Aylis looked across the water at the island lying a mile short of two leagues downstream. From the northern tip of the isle, smoke rose into the air, for there lay a small cluster of dwellings. “Who plies the ferry?”
“The Baeron, this year,” said Dokan, Brekk’s lieutenant, sitting across the fire from her. “Next year it will be ours to do.-We Chakka, that is.”
“Baeron and Dwarves alternate?”
Dokan nodded. “Aye. Long past, it was the foul Rivermen who worked the ferry, but they were thieves and robbers and worshipers of Gyphon. Rivermen would waylay boats upstream, cast the cargo overboard, and let it float to the isle, where their kith would snag it and take it as their own. They tried to blame all on the Race, a furious set of rapids and rocks where the river pinches down in a narrow canyon twenty-five leagues to the north.
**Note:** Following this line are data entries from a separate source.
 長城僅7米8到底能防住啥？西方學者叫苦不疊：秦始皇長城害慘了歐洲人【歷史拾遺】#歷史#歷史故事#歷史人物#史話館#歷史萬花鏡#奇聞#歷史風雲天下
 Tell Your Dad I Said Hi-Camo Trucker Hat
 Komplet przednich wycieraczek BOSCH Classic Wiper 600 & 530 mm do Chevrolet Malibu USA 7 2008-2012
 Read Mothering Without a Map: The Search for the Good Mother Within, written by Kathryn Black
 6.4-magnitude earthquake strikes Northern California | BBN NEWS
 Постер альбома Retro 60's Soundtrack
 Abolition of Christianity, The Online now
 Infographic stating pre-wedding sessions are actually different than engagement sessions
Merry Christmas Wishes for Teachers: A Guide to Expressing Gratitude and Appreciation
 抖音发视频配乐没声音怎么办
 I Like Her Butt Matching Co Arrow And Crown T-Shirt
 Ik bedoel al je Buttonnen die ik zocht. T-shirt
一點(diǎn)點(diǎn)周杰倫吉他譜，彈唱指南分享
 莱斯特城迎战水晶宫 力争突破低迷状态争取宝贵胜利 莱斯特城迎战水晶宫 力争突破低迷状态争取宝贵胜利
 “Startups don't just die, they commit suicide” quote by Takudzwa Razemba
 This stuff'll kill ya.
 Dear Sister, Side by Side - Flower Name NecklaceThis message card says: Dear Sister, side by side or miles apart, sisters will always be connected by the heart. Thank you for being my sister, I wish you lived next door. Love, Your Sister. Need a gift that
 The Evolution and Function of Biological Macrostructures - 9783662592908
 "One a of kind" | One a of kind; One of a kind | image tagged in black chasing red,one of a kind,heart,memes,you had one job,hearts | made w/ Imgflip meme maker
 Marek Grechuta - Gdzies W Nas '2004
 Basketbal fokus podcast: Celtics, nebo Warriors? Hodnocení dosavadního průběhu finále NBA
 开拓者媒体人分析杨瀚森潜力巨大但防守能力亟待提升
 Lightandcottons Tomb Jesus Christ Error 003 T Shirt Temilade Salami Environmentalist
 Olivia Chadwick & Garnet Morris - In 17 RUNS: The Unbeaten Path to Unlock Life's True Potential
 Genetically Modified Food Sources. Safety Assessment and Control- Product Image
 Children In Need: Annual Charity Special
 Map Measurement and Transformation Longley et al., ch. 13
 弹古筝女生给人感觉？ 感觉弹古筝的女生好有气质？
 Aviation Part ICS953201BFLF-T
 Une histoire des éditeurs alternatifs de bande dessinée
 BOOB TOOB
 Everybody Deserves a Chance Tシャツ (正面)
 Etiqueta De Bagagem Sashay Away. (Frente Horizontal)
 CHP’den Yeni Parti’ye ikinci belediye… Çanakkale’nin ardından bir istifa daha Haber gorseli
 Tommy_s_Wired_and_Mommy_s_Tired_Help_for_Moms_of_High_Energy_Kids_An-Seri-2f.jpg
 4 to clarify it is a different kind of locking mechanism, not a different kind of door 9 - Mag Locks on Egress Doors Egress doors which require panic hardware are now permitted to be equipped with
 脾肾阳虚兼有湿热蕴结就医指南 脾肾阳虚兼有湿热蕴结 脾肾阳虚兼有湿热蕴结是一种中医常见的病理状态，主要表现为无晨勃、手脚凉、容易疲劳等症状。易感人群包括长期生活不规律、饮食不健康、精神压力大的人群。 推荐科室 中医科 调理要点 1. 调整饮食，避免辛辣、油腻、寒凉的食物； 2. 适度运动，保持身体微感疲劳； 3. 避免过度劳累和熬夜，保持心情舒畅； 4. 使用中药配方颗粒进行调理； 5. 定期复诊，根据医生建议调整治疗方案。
But they were revealed for the vile folk they were”-Dokan clenched a fist-“and the Chakka and the Baeron dealt with them.
“Even so, there were among them some who declared innocence, and those were spared, and they then plied the ferry. But during the Great War of the Ban, Rivermen came to Caer Lindor, claiming that Foul Folk had floated downstream and onto their isle and had raided and slain, and they asked for sanctuary in the fortress; it was these very same Rivermen who aided the Foul Folk to overthrow the bastion, long a thorn in Modru’s side.” Dokan paused and ground his teeth in rage over vile deeds done during his distant ancestors’ time. Finally he took a deep breath and said, “After that war came to an end, we Chakka and the Baeron trade off operating this crossing.”
Aylis nodded and then asked, “Is it necessary at all to even have a ferry here?”
Brekk vaguely gestured upriver and down-. “Except for boats, it is the only crossing between here and Argon Ford far to the north, and the Argon Ferry far to the south. We need it for trade, as do the Lian in the Larkenwald and the Dylvana of the Greenhall yon.”
“Just the Dwarves and the Baeron ply the ferry, and not the Elves?”
Dokan barked a laugh, then said, “Skinny Elves? Pah! Might as well send women. Nay, only the Chakka and the Baeron have the strength to manage the ferry.”
Aylis looked at Dokan, with his broad shoulders half again the width of those of a Man, and, even relaxed as he was, still his muscles were like unto iron knots. “But surely the Rivermen were no stronger than Elves.”
Dokan frowned, as if this were a completely new concept. Finally he shrugged and conceded, “Perhaps the Rivermen had among them a few Humans of strength.”
Aylis laughed. But even as she fell silent, from the tip of Olorin Isle, across the waters there came the faint sound of singing, yet she could not quite make out the words. She stepped away from the campsite the better to hear, and long she stood at the water’s edge, listening. Song after song came floating o’er the slow-running river as baritone male and soprano female voices sang sagas of valorous deeds done.
Aylis was yet enraptured by last eve’s singing when the first of the ferry barges floated onto the far downstream landing in the early morning light. Huge Baeron men off-laded mules, and they drew the barge nearly two full leagues up the tow path until they reached the ferry boarding point. As the Baeron secured the ferry to the dock and set a gangway in place, Aylis marveled at the size of these men, all of them towering nearly seven feet into the air, each one as tall as Bair. At a gesture and a soft word from one of the Baeron, Aylis and her horse, along with ten Dwarves and fifteen ponies, embarked, and the gangway was drawn in and the barge then cast off. Baeron rowers plied oars to bear the ferry to a landing on Olorin. They began some five miles upstream from the holm, but the current bore them southward as the men rowed east, the Baeron now and then pausing to gauge their progress, so as to come to ground at the proper place. They eased into a landing on the northwestern brim of the island, and Aylis and the Dwarves then disembarked and rode for the opposite side of Olorin. As they passed through the Baeron village at the northern tip of the isle, lanky children, chattering, tagged after and plied them with questions, and tall Baeron women and huge Baeron men paused in whatever they were doing, as if watching a passing parade. When Aylis and the Dwarves reached the eastern landing they boarded another oared barge waiting there.